Provided data –
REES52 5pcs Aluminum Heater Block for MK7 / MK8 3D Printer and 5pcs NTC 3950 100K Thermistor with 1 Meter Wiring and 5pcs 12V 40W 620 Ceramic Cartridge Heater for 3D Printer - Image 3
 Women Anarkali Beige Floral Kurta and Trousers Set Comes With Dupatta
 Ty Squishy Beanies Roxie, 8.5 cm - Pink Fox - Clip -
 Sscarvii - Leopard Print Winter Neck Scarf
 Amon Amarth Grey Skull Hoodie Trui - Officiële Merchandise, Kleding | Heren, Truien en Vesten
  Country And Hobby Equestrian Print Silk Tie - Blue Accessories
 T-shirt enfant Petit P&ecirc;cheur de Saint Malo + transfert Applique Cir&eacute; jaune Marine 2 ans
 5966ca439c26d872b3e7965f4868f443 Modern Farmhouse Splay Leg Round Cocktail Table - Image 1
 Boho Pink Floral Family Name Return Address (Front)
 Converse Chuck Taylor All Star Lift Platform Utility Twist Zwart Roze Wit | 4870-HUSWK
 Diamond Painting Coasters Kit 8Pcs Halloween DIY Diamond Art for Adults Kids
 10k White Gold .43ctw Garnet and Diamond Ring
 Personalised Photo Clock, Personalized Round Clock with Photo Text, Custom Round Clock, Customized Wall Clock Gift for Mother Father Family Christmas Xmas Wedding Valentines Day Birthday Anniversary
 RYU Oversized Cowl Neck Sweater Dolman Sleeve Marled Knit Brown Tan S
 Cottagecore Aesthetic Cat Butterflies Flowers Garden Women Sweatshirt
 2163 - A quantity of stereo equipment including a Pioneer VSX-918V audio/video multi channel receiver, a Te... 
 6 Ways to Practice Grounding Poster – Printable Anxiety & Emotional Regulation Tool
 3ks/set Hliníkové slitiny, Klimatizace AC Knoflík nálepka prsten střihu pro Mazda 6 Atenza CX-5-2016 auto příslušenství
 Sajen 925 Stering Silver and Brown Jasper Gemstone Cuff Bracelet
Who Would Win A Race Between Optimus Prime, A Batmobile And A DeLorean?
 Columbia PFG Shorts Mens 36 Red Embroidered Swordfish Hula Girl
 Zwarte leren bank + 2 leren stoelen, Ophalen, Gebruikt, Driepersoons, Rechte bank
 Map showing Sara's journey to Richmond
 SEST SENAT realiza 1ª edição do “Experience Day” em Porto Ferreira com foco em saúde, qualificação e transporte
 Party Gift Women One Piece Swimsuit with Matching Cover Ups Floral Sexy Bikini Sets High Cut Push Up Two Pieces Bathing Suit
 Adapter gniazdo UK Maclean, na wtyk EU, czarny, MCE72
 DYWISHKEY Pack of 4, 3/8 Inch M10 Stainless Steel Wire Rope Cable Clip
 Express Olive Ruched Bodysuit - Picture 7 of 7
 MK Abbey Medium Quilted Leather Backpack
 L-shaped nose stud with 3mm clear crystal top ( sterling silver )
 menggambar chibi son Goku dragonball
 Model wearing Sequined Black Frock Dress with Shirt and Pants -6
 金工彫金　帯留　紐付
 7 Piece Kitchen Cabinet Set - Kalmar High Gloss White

Task statement –
Each entry above must be retyped exactly.

Task result –
REES52 5pcs Aluminum Heater Block for MK7 / MK8 3D Printer and 5pcs NTC 3950 100K Thermistor with 1 Meter Wiring and 5pcs 12V 40W 620 Ceramic Cartridge Heater for 3D Printer - Image 3
 Women Anarkali Beige Floral Kurta and Trousers Set Comes With Dupatta
 Ty Squishy Beanies Roxie, 8.5 cm - Pink Fox - Clip -
 Sscarvii - Leopard Print Winter Neck Scarf
 Amon Amarth Grey Skull Hoodie Trui - Officiële Merchandise, Kleding | Heren, Truien en Vesten
  Country And Hobby Equestrian Print Silk Tie - Blue Accessories
 T-shirt enfant Petit P&ecirc;cheur de Saint Malo + transfert Applique Cir&eacute; jaune Marine 2 ans
 5966ca439c26d872b3e7965f4868f443 Modern Farmhouse Splay Leg Round Cocktail Table - Image 1
 Boho Pink Floral Family Name Return Address (Front)
 Converse Chuck Taylor All Star Lift Platform Utility Twist Zwart Roze Wit | 4870-HUSWK
 Diamond Painting Coasters Kit 8Pcs Halloween DIY Diamond Art for Adults Kids
 10k White Gold .43ctw Garnet and Diamond Ring
 Personalised Photo Clock, Personalized Round Clock with Photo Text, Custom Round Clock, Customized Wall Clock Gift for Mother Father Family Christmas Xmas Wedding Valentines Day Birthday Anniversary
 RYU Oversized Cowl Neck Sweater Dolman Sleeve Marled Knit Brown Tan S
 Cottagecore Aesthetic Cat Butterflies Flowers Garden Women Sweatshirt
 2163 - A quantity of stereo equipment including a Pioneer VSX-918V audio/video multi channel receiver, a Te... 
 6 Ways to Practice Grounding Poster – Printable Anxiety & Emotional Regulation Tool
 3ks/set Hliníkové slitiny, Klimatizace AC Knoflík nálepka prsten střihu pro Mazda 6 Atenza CX-5-2016 auto příslušenství
 Sajen 925 Stering Silver and Brown Jasper Gemstone Cuff Bracelet
Who Would Win A Race Between Optimus Prime, A Batmobile And A DeLorean?
 Columbia PFG Shorts Mens 36 Red Embroidered Swordfish Hula Girl
 Zwarte leren bank + 2 leren stoelen, Ophalen, Gebruikt, Driepersoons, Rechte bank
 Map showing Sara's journey to Richmond
 SEST SENAT realiza 1ª edição do “Experience Day” em Porto Ferreira com foco em saúde, qualificação e transporte
 Party Gift Women One Piece Swimsuit with Matching Cover Ups Floral Sexy Bikini Sets High Cut Push Up Two Pieces Bathing Suit
 Adapter gniazdo UK Maclean, na wtyk EU, czarny, MCE72
 DYWISHKEY Pack of 4, 3/8 Inch M10 Stainless Steel Wire Rope Cable Clip
 Express Olive Ruched Bodysuit - Picture 7 of 7
 MK Abbey Medium Quilted Leather Backpack
 L-shaped nose stud with 3mm clear crystal top ( sterling silver )
 menggambar chibi son Goku dragonball
 Model wearing Sequined Black Frock Dress with Shirt and Pants -6
 金工彫金　帯留　紐付
 7 Piece Kitchen Cabinet Set - Kalmar High Gloss White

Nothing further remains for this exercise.